Figure 2.

Proteasome inhibitors increase cyclin G2 levels. (A) Expression of CCNG2-V5 in the absence or presence of proteasome inhibitors. OV2008 cells were transiently transfected with 3 μg/ml/well of CCNG2-V5 plasmid in six-well plate for 16 h and recovered in the presence or absence of 50 μM MG-132 or lactacystin for 0–24 h. Cyclin G2 was detected using an antibody against V5. A representative Western blot and a graph with normalized densitometry data (mean±SEM of three experiments) are shown. (B) Expression of Flag-CCNG2 at the same conditions as in A. Cyclin G2 was detected using an antibody against Flag. (C) OV2008 cells were transiently transfected with pCCNG2-GFP or empty vector (EV) for 16 h.
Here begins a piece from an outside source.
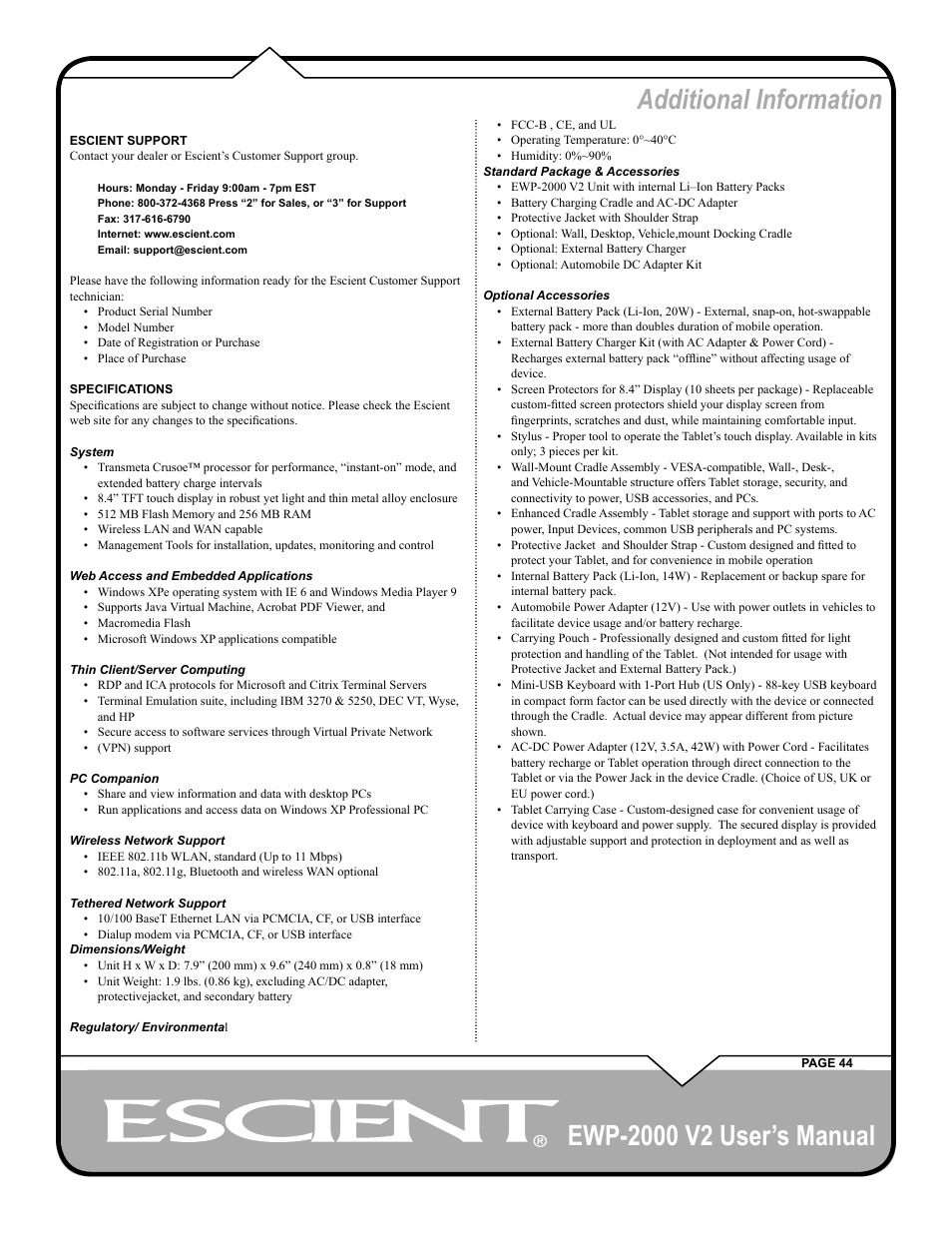 Additional information | Escient EWP-2000 V2 User Manual | Page 44 / 44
GFP-positive cells were determined by fluorescence microscopy at 0, 2, or 6 h after transfection in the presence or absence of MG-132 or lactacystin. A histogram represents the percentage of CCNG2-GFP–positive cells in total cells. At least 800 cells were counted from each individual experiment, and data represent mean±SEM of three experiments. (D) OV2008 cells were transfected with either the Flag-CCNG2 pr CCNG2-V5 plasmid for 16 h and then treated with cycloheximide (CHX, 5 μg/ml) alone or together with MG-132 (10 μM) for 2–24 h. MG-132 prevented the degradation of cyclin G2.